● Task to complete: Could you please reproduce the entries exactly, leaving out any pictures?

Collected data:
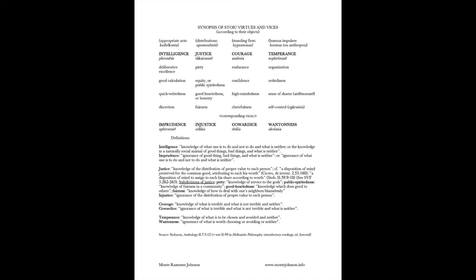Similarly, there's a point to me emphasizing, look for what is common between all of these definitions. Justice is defined as knowledge of the distribution of the proper value or worth to each person. Courage: knowledge of what is terrible and what is not terrible, and neither. Temperance: knowledge of what is to be chosen and avoided and neither. The opposite of temperance, wantonness, which is ignorance of what is worth choosing or avoiding or neither.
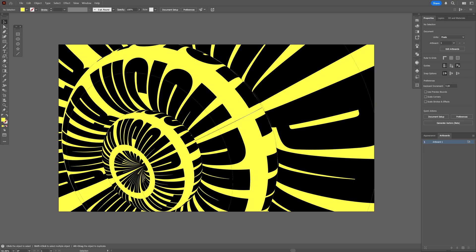All right you guys, today I check out how to create this 3D text donut in perspective here in Illustrator.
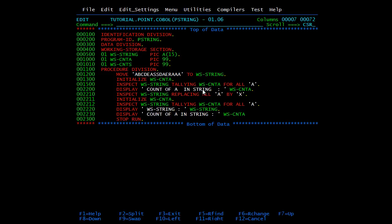Next comes the REPLACING statement. Here we replace all A's with X — you can also specify FIRST A or LAST A, but for now we replace all A's with X. We then initialize W-S-COUNT again and inspect the string a second time for A's. Since we already replaced all A's with X, the count should ideally be zero. We'll compile and submit this program to verify.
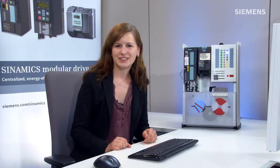I would like to demonstrate how easy it is to operate the integrated safety functions in the SINAMICS G120.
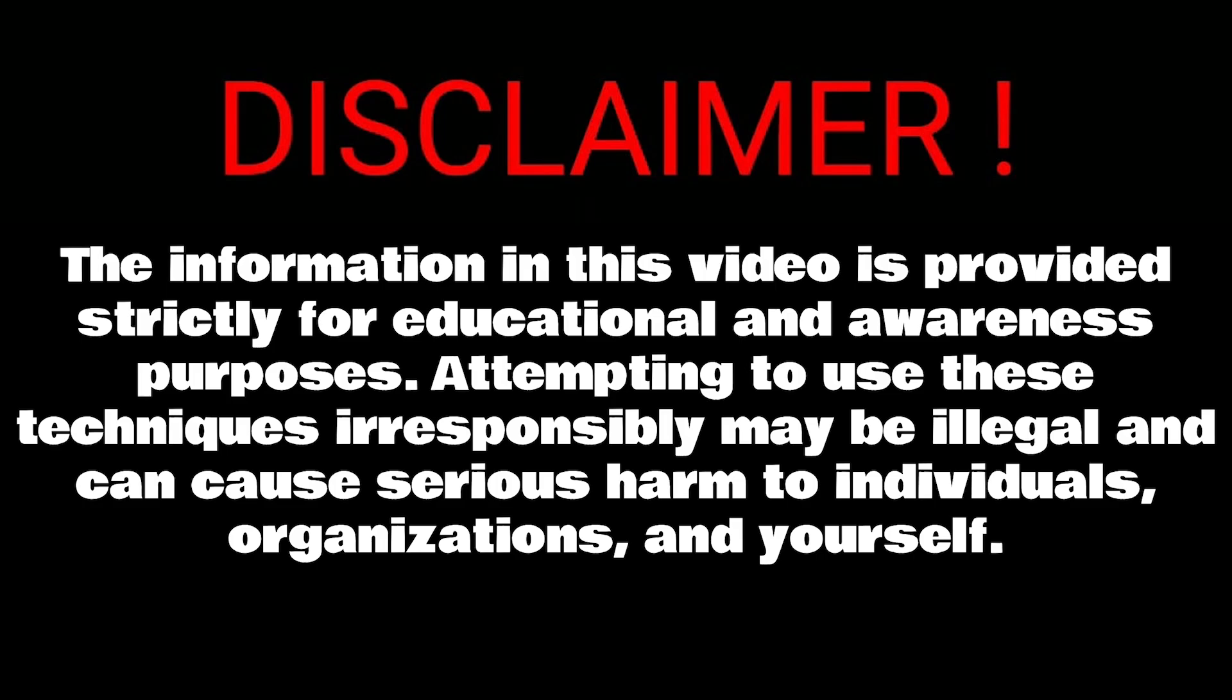The information in this video is provided strictly for educational and awareness purposes. Attempting to use these techniques irresponsibly may be illegal and can cause serious harm to individuals, organizations, and yourself.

● Task response:
Similarly, there's a point to me emphasizing, look for what is common between all of these definitions. Justice is defined as knowledge of the distribution of the proper value or worth to each person. Courage: knowledge of what is terrible and what is not terrible, and neither. Temperance: knowledge of what is to be chosen and avoided and neither. The opposite of temperance, wantonness, which is ignorance of what is worth choosing or avoiding or neither.
All right you guys, today I check out how to create this 3D text donut in perspective here in Illustrator.
Next comes the REPLACING statement. Here we replace all A's with X — you can also specify FIRST A or LAST A, but for now we replace all A's with X. We then initialize W-S-COUNT again and inspect the string a second time for A's. Since we already replaced all A's with X, the count should ideally be zero. We'll compile and submit this program to verify.
I would like to demonstrate how easy it is to operate the integrated safety functions in the SINAMICS G120.
The information in this video is provided strictly for educational and awareness purposes. Attempting to use these techniques irresponsibly may be illegal and can cause serious harm to individuals, organizations, and yourself.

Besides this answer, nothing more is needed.